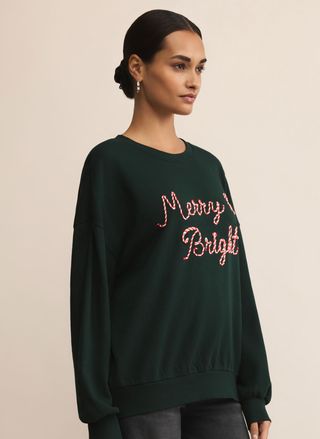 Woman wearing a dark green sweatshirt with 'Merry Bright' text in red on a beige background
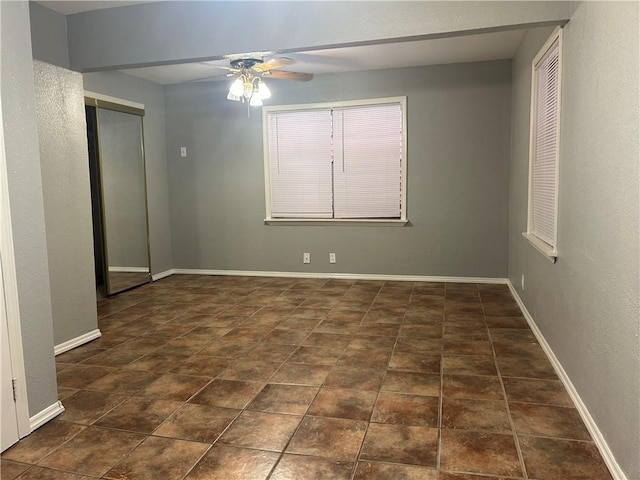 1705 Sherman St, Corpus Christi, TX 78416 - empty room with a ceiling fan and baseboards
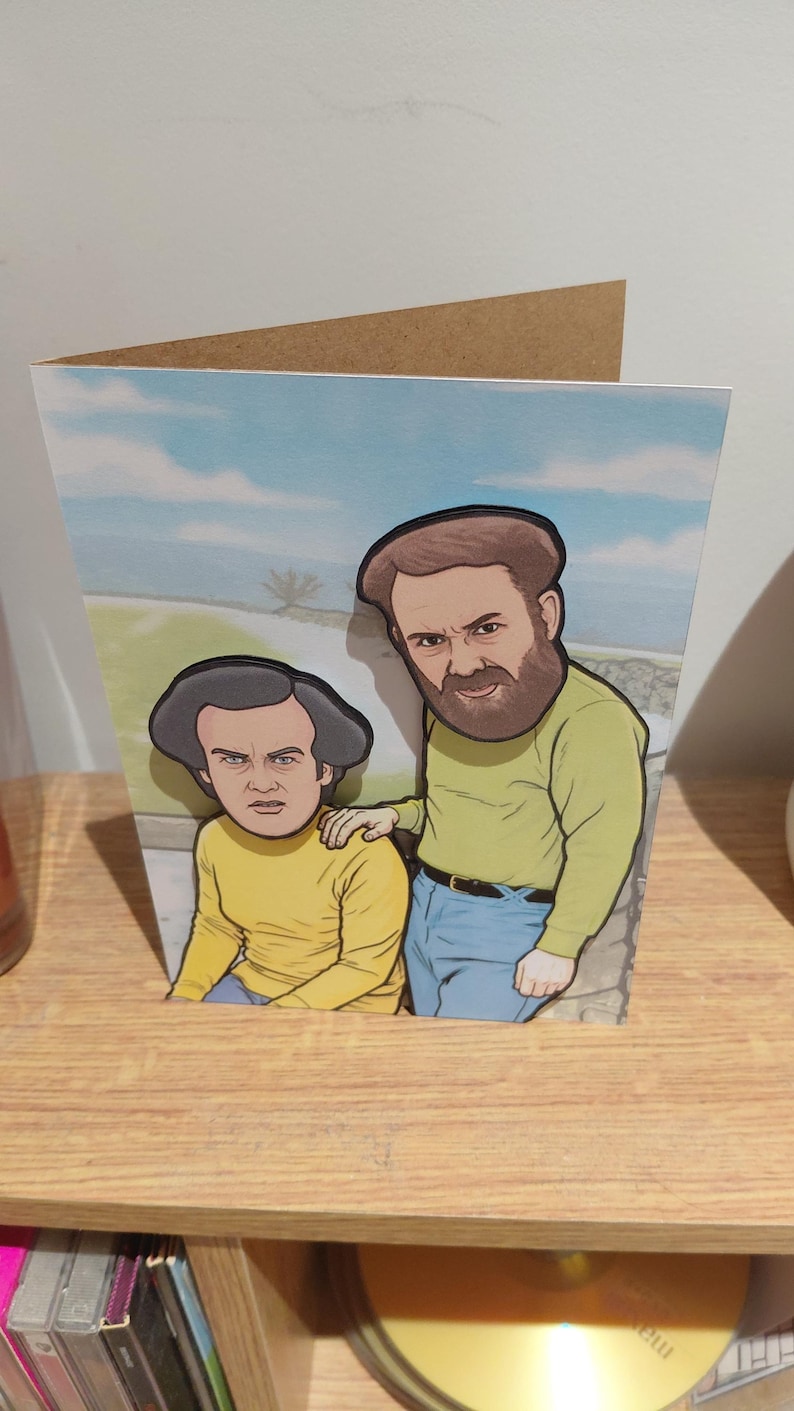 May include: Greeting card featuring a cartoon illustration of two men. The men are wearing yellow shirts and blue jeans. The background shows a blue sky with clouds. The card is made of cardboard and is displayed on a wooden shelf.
--
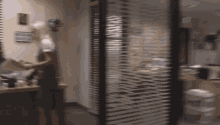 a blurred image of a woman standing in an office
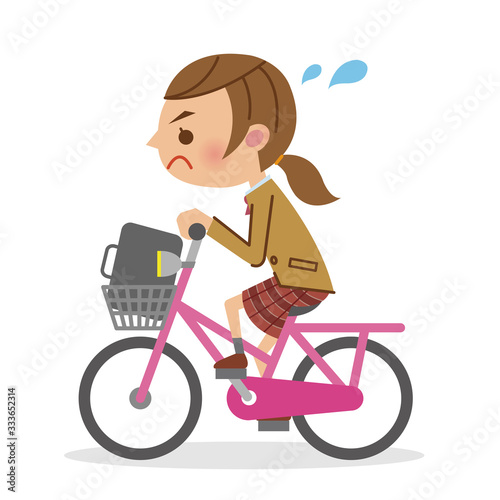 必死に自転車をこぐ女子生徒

- _Work to complete_: Reproduce the entries exactly, from the line with "Woman wearing a" to the line with "May include: Greeting", both lines included, keeping no pictures.

- _Written response_:
 Woman wearing a dark green sweatshirt with 'Merry Bright' text in red on a beige background
 1705 Sherman St, Corpus Christi, TX 78416 - empty room with a ceiling fan and baseboards
 May include: Greeting card featuring a cartoon illustration of two men. The men are wearing yellow shirts and blue jeans. The background shows a blue sky with clouds. The card is made of cardboard and is displayed on a wooden shelf.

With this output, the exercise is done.